The solution can be viewed here on page 41

https://usermanual.wiki/Document/St...ford20University20Press202015.1463186034/view

What I have is

$$\frac{\partial}{\partial \phi^{*}} (\frac{\sum_{n,m} \phi_{n}^{*} H_{n,m}\phi_{n}} {\sum_{n} \phi_{n}^{*} \phi_{n}}) = 0$$

I have access to the solution but I have no idea how this derivative is carried out. I have tried the product rule (where $\phi_{n}$ is considered constant) and quotient rule but neither work to give this solution:

$$\frac{\sum_{n} \phi_{m} H_{n,m}}{\sum_{p}\phi_{p}^{2}} - (\frac{\sum_{n,m} \phi_{n}^{*} H_{n,m}\phi_{n}} {\sum_{n} \phi_{n}^{*} \phi_{n}}) \frac{\phi_{n}}{\sum_{p}\phi_{p}^{*}\phi_{p}} = 0$$

Thankyou for your help.

 

[vela]

Please show your work. It isn't very helpful to say "I tried X, but it didn't work." Think about how helpful it would be to you if someone replied with only "Well, I tried X and it did work."

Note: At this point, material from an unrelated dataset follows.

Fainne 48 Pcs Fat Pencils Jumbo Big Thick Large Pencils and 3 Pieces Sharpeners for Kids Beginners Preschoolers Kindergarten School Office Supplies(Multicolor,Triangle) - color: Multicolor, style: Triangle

What did you get when you differentiated the numerator with respect to $\phi_n^*$?

 

[ergospherical]

The notation is messy and prone to mistakes. Write instead $\mathbf{x} = (\phi_1, \dots, \phi_n)^T$ as a column vector containing the numbers $\phi_n$ and write the energy as\begin{align*}
E(\mathbf{x}) = \frac{\mathbf{x}^{\dagger} H \mathbf{x}}{\mathbf{x}^{\dagger} \mathbf{x}}
\end{align*}Now you vary the vector $\mathbf{x} \mapsto \mathbf{x} + \delta \mathbf{x}$, where $\delta \mathbf{x} = (\delta \phi_1, \dots, \delta \phi_n)^T$, giving
\begin{align*}
\delta E \equiv E(\mathbf{x} + \delta \mathbf{x}) - E(\mathbf{x}) = \frac{(\mathbf{x}^{\dagger} + \delta \mathbf{x}^{\dagger})H(\mathbf{x} + \delta \mathbf{x})}{(\mathbf{x}^{\dagger} + \delta \mathbf{x}^{\dagger})(\mathbf{x} + \delta \mathbf{x})} - E(\mathbf{x})
\end{align*}Can you complete the proof by imposing that $\delta E$ vanishes to first order for all possible $\delta \mathbf{x}$?